• [TASK GOAL] Start the output with the opening line of the listing below and continue, reproducing each line exactly, up to and including the line that contains "Η κουζίνα ή".

• [DATA PROVIDED]
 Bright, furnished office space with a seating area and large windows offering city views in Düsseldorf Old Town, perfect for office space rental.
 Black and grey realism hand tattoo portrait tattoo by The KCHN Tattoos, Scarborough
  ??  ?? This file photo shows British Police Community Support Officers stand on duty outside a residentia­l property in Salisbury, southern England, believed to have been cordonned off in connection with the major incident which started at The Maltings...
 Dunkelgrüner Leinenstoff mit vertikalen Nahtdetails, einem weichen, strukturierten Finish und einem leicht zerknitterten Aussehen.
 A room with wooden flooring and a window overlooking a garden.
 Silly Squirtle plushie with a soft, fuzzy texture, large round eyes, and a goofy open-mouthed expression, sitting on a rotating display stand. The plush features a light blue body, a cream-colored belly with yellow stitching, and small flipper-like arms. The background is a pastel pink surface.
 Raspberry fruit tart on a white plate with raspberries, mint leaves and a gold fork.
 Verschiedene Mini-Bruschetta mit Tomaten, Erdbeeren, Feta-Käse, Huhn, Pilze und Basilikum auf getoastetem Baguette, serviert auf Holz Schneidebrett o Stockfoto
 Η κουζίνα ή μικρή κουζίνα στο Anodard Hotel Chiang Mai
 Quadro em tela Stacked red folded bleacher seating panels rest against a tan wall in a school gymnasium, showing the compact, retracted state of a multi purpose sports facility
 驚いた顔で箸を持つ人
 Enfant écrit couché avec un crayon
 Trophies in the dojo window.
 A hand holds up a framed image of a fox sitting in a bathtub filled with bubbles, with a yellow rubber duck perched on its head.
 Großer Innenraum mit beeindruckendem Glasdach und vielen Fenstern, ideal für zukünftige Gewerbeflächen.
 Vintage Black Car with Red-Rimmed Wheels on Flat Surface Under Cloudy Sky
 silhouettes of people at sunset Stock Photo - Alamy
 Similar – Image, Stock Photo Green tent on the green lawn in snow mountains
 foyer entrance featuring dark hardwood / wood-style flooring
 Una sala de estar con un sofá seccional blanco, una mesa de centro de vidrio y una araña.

• [SOLUTION TO THIS PROBLEM]
 Bright, furnished office space with a seating area and large windows offering city views in Düsseldorf Old Town, perfect for office space rental.
 Black and grey realism hand tattoo portrait tattoo by The KCHN Tattoos, Scarborough
  ??  ?? This file photo shows British Police Community Support Officers stand on duty outside a residentia­l property in Salisbury, southern England, believed to have been cordonned off in connection with the major incident which started at The Maltings...
 Dunkelgrüner Leinenstoff mit vertikalen Nahtdetails, einem weichen, strukturierten Finish und einem leicht zerknitterten Aussehen.
 A room with wooden flooring and a window overlooking a garden.
 Silly Squirtle plushie with a soft, fuzzy texture, large round eyes, and a goofy open-mouthed expression, sitting on a rotating display stand. The plush features a light blue body, a cream-colored belly with yellow stitching, and small flipper-like arms. The background is a pastel pink surface.
 Raspberry fruit tart on a white plate with raspberries, mint leaves and a gold fork.
 Verschiedene Mini-Bruschetta mit Tomaten, Erdbeeren, Feta-Käse, Huhn, Pilze und Basilikum auf getoastetem Baguette, serviert auf Holz Schneidebrett o Stockfoto
 Η κουζίνα ή μικρή κουζίνα στο Anodard Hotel Chiang Mai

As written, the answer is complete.